* [What the exercise asks]
Begin at the line below that holds "60 - CHAUMONT-EN-VEXIN" and end at the line that holds "Gallery image thumbnail", transcribing each line exactly and skipping any picture.

* [Extracted material]
......
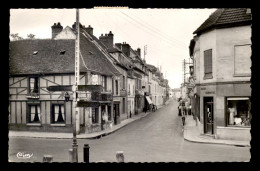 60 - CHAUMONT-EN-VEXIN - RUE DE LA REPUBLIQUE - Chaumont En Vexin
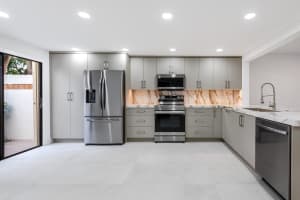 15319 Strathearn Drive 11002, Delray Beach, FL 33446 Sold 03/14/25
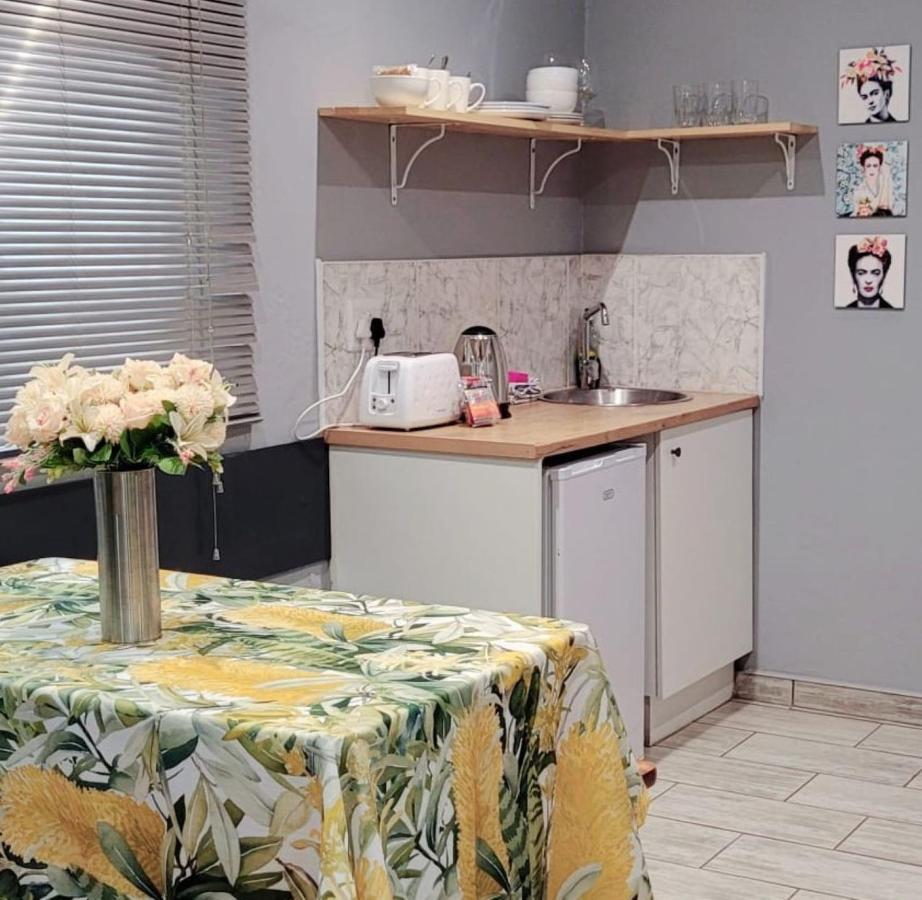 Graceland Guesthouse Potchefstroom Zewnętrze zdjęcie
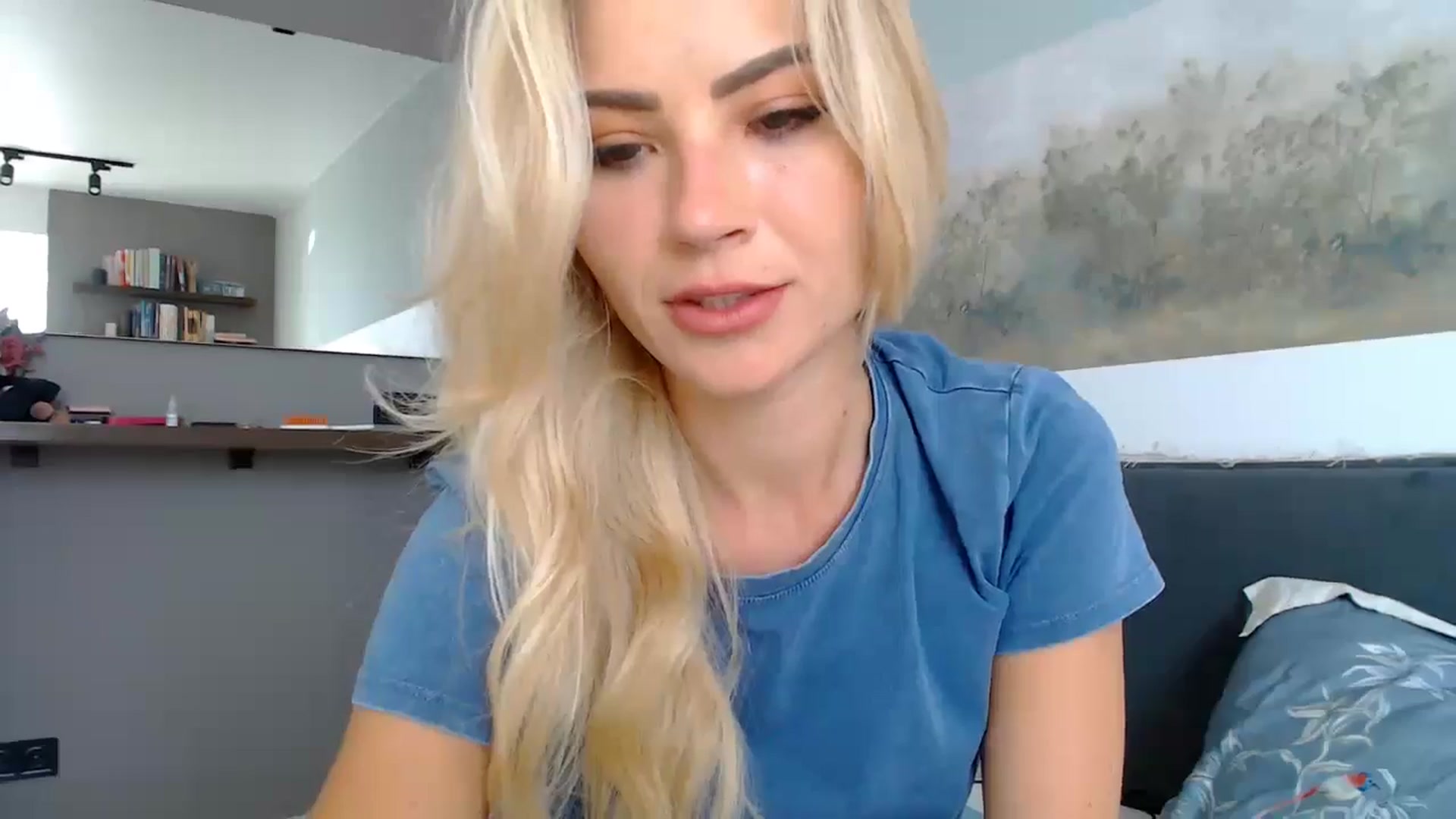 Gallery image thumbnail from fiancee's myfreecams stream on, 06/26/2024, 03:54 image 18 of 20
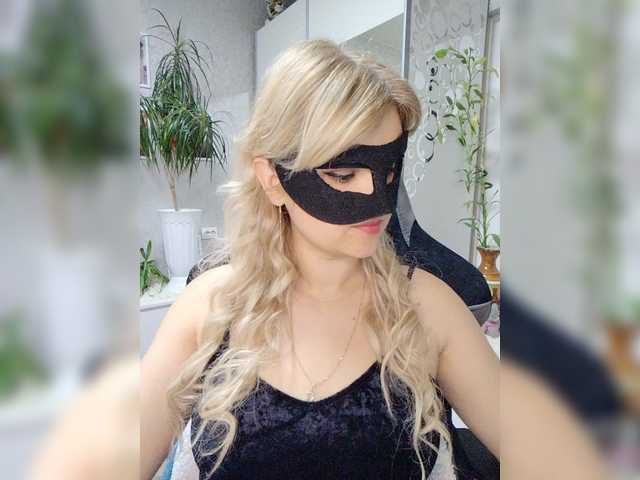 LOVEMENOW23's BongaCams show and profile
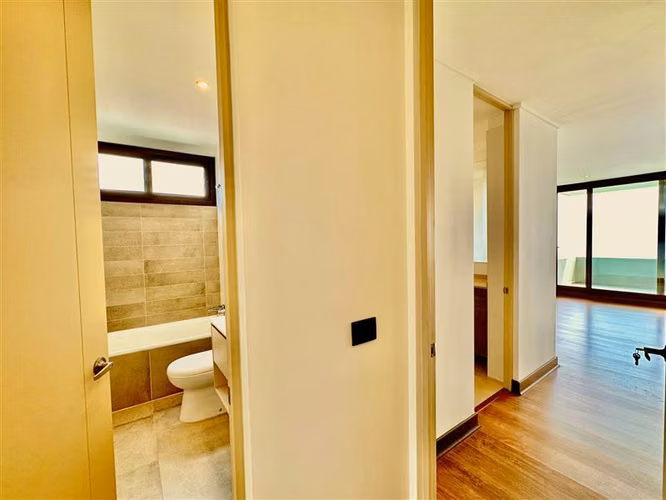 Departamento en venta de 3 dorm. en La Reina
......
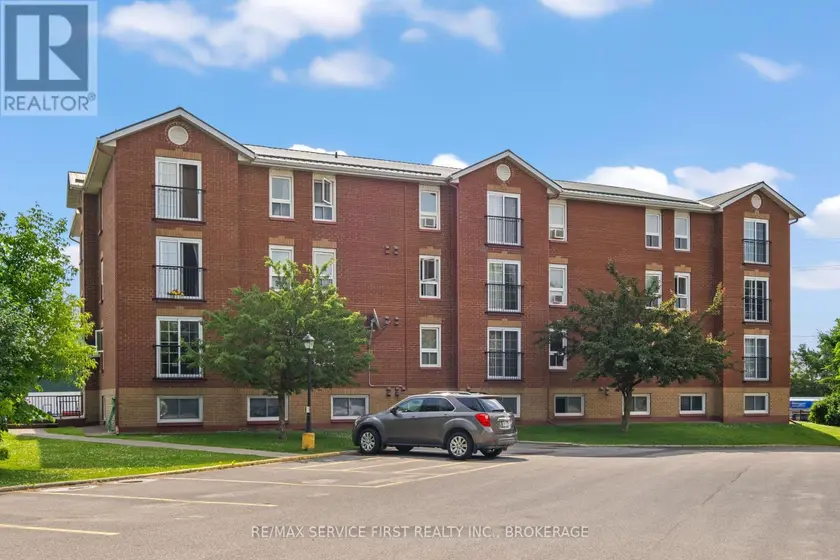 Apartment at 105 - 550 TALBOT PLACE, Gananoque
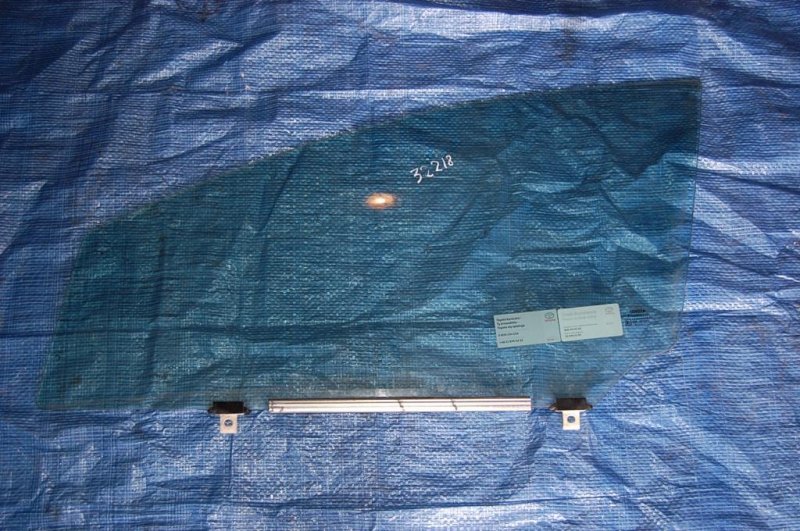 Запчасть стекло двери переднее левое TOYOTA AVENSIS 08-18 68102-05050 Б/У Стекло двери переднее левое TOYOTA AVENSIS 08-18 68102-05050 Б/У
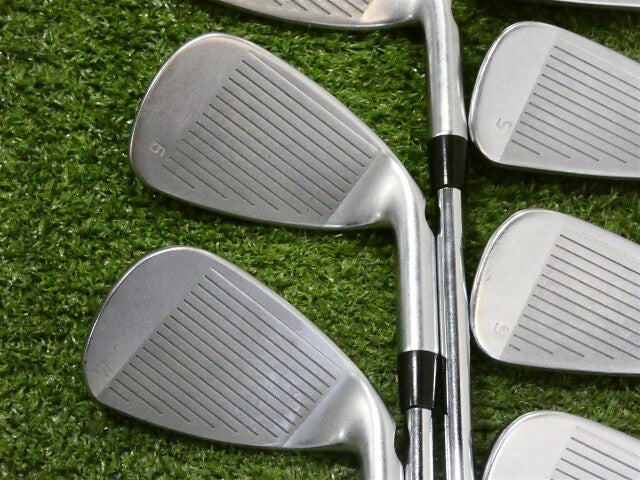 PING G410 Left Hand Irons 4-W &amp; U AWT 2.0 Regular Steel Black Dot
......
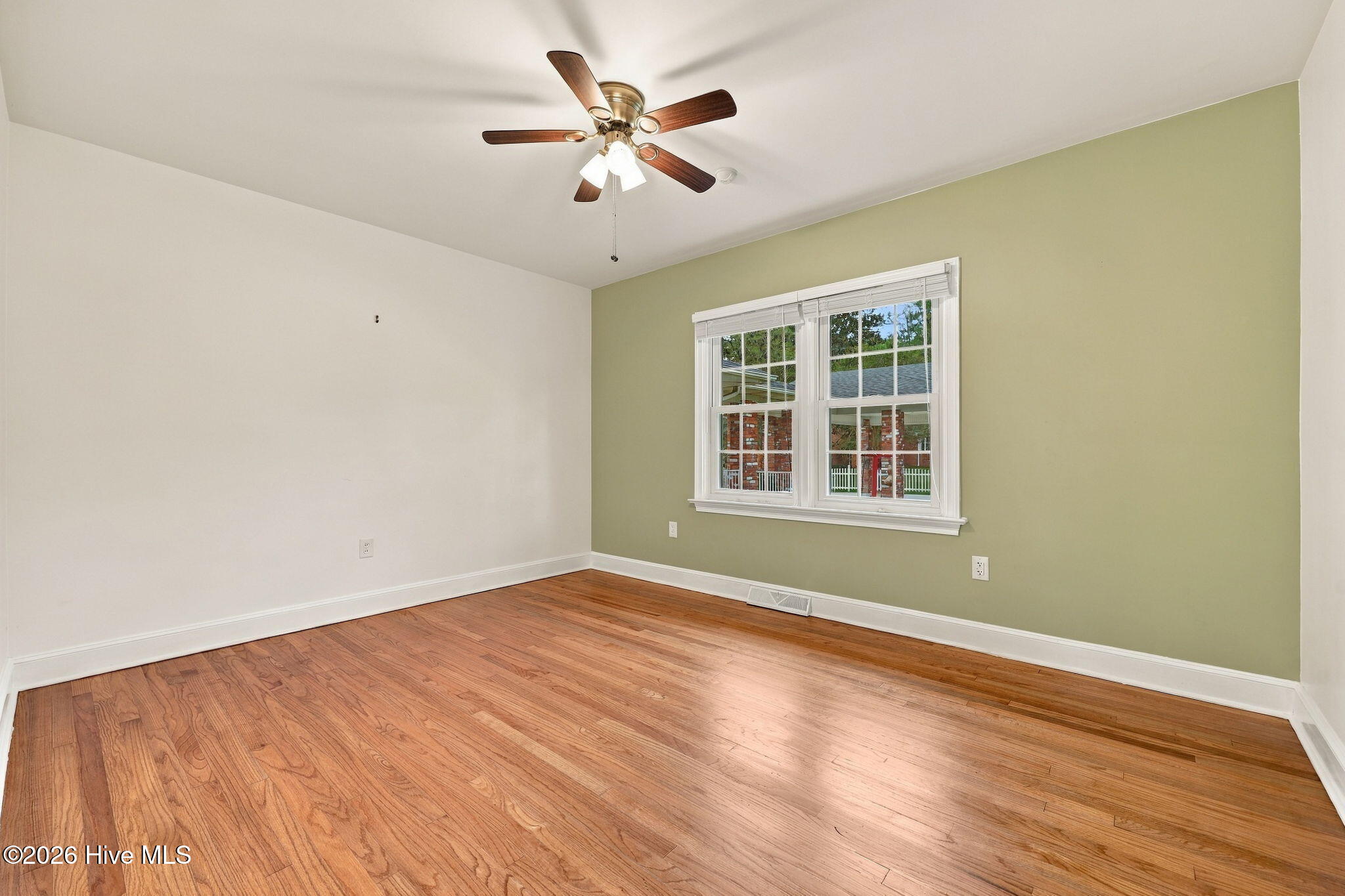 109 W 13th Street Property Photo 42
......
* [Answer to the exercise]
 60 - CHAUMONT-EN-VEXIN - RUE DE LA REPUBLIQUE - Chaumont En Vexin
 15319 Strathearn Drive 11002, Delray Beach, FL 33446 Sold 03/14/25
 Graceland Guesthouse Potchefstroom Zewnętrze zdjęcie
 Gallery image thumbnail from fiancee's myfreecams stream on, 06/26/2024, 03:54 image 18 of 20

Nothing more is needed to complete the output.